鎌田さんのお姉ちゃんは6年生だった。
我が家の向かいにデデーンと建っている税務署官舎の4階に住んでいた。

お姉ちゃんは転校生だったし、2年生の私とは歳も離れていたので口をきいたことはなかった。
朝、スクールバスでちょっと憧れの存在としてチラチラ盗み見ていただけだ。

お姉ちゃんのお母さんとうちの母は今で言ういわゆるママ友だったので、私にマスコット作りを教えてやって欲しいと母が頼んでくれたらしい。

日曜日の午前中、お姉ちゃんはひとりで我が家にやって来た。
とても品が良く、礼儀正しいお姉ちゃんを私は羨望の眼差しで見つめた。

きちんとあいさつし、靴を揃え、正座して縫い物をするお姉ちゃんは私の憧れそのものだった。
鼻をかむ時、お姉ちゃんは「失礼します」と言ってから自前のポケットティッシュでフーンとやった。

私は、自分は6年生になっても鼻をかむ時「失礼します」などとは言えないだろうなと思った。

私は、恥ずかしくて思うように話せなかった。
でも照れていたのも最初だけ、お姉ちゃんに教わっているうちに目の前の作業に夢中になった。

人生初の縫い物として私が手芸本から選んだのは、手のひらサイズのニンジンのマスコットだった。
いちばん簡単そうだったからだ。

オレンジ色のフェルトから型紙通りニンジンの形を2枚切り取り、簡単な模様を刺繍し、2枚を縫い合わせ、綿を入れ、緑色のフェルトを切った葉っぱを付ければ完成だ。

何時間かけてそれを作ったか覚えていない。
だが完成した時にはお姉ちゃんはいなかったので、ひょっとすると何日かかかったのかもしれない。

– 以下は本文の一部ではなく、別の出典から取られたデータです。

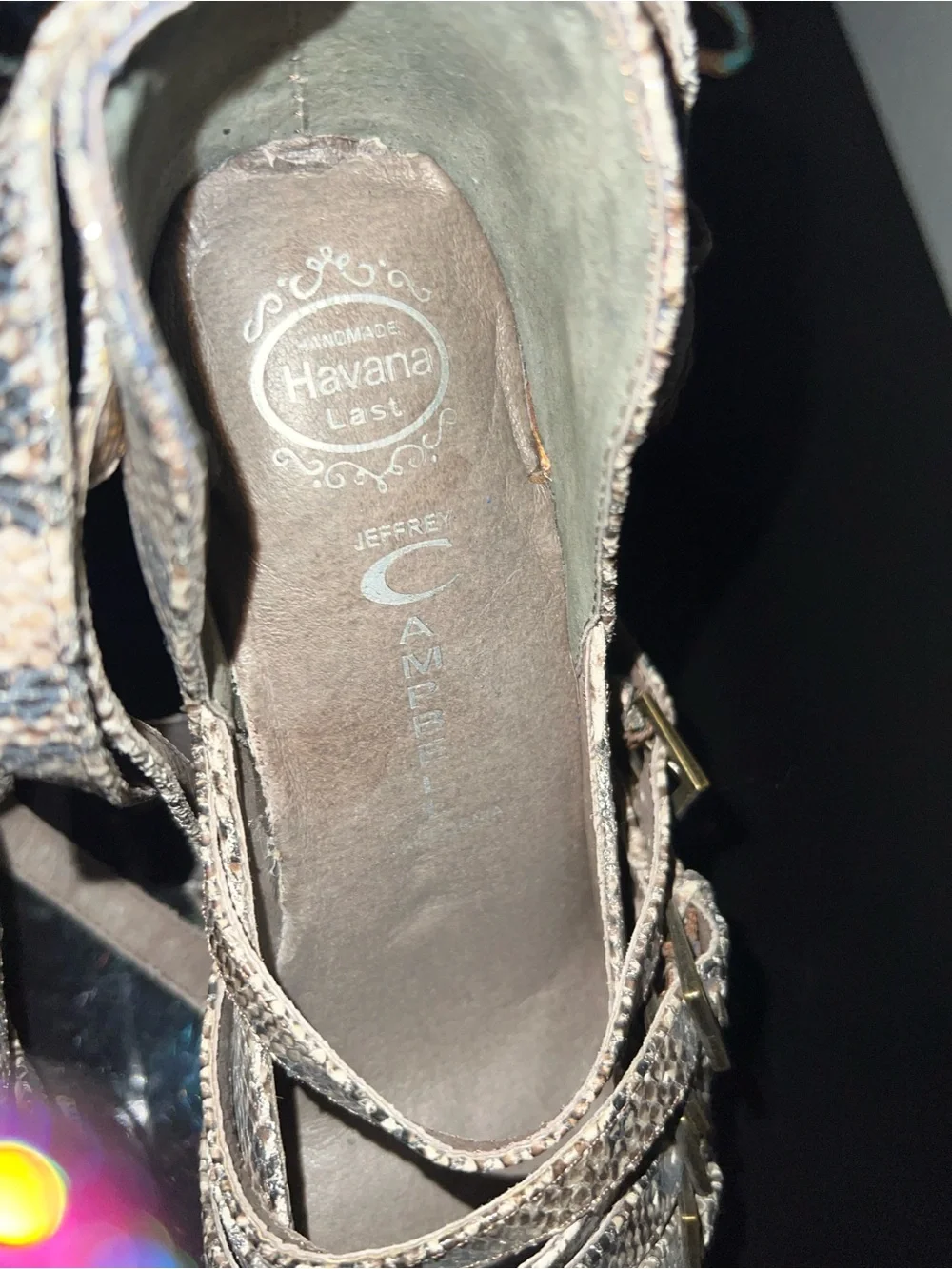 Jeffrey Campbell Snake-Print Pointed Wedge Heels in Taupe/Brown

オレンジ色のフェルトを縫い合わせる時に、緑色の葉っぱも縫い込まなければならなかったのに、それに気付かずニンジンだけを縫い合わせてしまった。
後からニンジンの頭にヒラヒラした葉っぱを無造作に縫い付けたので、葉っぱが前後にパッタンパッタンと倒れる仕様になってしまった。

それでも私は十分満足だった。
初めて自分で縫ったマスコット。

それがかわいいウサギとかクマじゃなくニンジンだったとしても、葉っぱがもげそうな粗末な出来だったとしても、そんなことは私にはどうでも良かった。

間違いなくあれは私にとっての原点だったのだ。

その後私はいろんなマスコットを作った。
もっと難しいものも縫えるようになった。
ビーズを縫い付けたりもした。

でも、あのニンジンほど強烈に覚えている作品はない。

お姉ちゃんとはそれ以来、スクールバスで会うと小さく手を振る仲になった。
そして程なくしてお姉ちゃんは中学校に進学し、同じバスに乗ることはなくなってしまった。